Excerpted data ▸

------------------------------------------------------------

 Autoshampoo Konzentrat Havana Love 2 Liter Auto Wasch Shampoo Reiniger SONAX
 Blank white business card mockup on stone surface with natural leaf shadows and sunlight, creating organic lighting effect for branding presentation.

------------------------------------------------------------

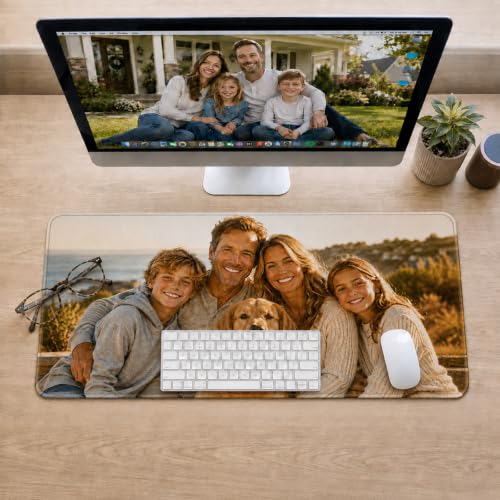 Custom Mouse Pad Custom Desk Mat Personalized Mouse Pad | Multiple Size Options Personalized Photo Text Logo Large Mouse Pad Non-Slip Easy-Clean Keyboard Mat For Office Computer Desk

------------------------------------------------------------

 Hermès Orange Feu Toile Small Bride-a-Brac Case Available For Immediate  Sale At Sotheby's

------------------------------------------------------------

Activity ▸ Lines to set down from above: the line with "Autoshampoo Konzentrat Havana", the line with "Blank white business", and every line between, each exactly as written.

Solution to the exercise ▸
 Autoshampoo Konzentrat Havana Love 2 Liter Auto Wasch Shampoo Reiniger SONAX
 Blank white business card mockup on stone surface with natural leaf shadows and sunlight, creating organic lighting effect for branding presentation.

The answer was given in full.